# My bird keeps flying away from me when I try to get her on my finger!! HELP



## pmacfarlane92

My tiel, Cali, and I are extremely close... Back in the end of January, I moved out of my parent's house (where my bird is) to an apartment with my boyfriend and I couldn't bring her because they don't allow pets  BUT, I would visit and she would be fine, nuzzling me, loving me, coming to me... Then a couple months ago, I noticed that whenever I come to her cage or put my finger in her cage for her to perch on, she FREAKS out... and when I manage to take her out, she flies away from me and everytime I try to get her again, she flies away again? Is she mad at me? If so, why now? Or is she having abandonment issues? Also, I should mention that since I left, my mom has mentioned that she's gotten meaner?

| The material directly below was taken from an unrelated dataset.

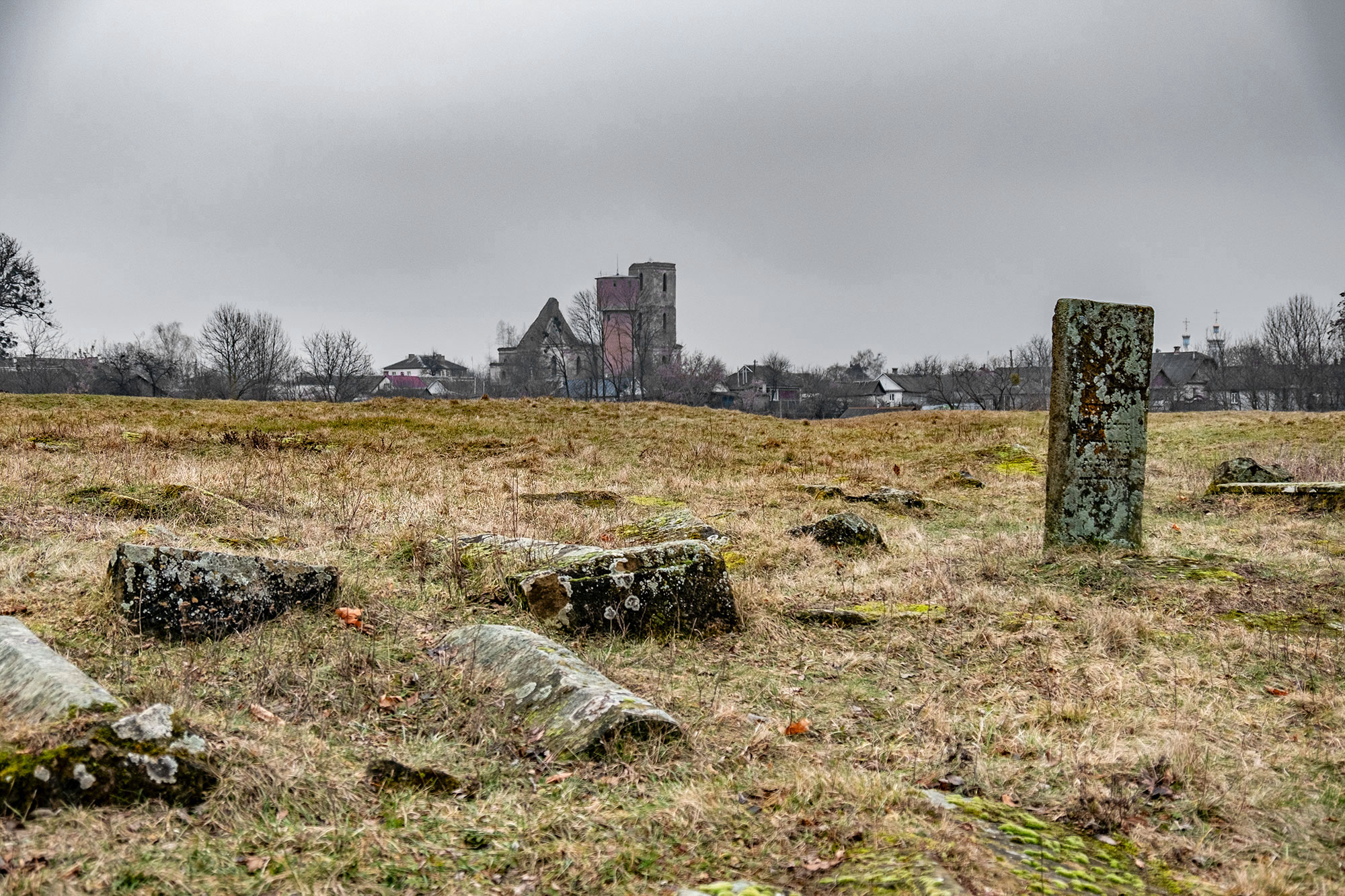Iziaslav - Old Jewish Cemetery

Do you think she's mad at me?? Please help


----------



## MeanneyFids

has she been socialized when youre gone?


----------



## pmacfarlane92

*Yes, my mom takes her out everyday to sing to her and changes her water and food...*

She also tried to pet her and she will hiss and bite?


----------



## MeanneyFids

how old is she?


----------



## pmacfarlane92

She is 3, and I had visited her today and she did the same thing


----------



## roxy culver

How often have you been visiting her? If not often, she could have regressed.


----------



## pmacfarlane92

I visit her at least 3 times a week, I don't know... that's what I'm asking..I don't know!


----------



## WereAllMadHere

Just curious do you have a younger sibling that could be messing with your tiel?


----------



## pmacfarlane92

No I do not, I am the youngest. My mom visits her every day too unless I come over, so she's not neglected or teased... She interacts with people nearby, like call and respone, if you call her name, she'll tweet back in response, but I don't know why she's doing this, I just want some answers...


----------



## roxy culver

She could be going through a hormonal thing and being bratty...


----------



## pmacfarlane92

That COULD be it, but we've had her for 3 years and she's NEVER acted like this  My previous birds didn't either


----------



## Saxonmalone

Does she do the same thing to your mom or just you?


----------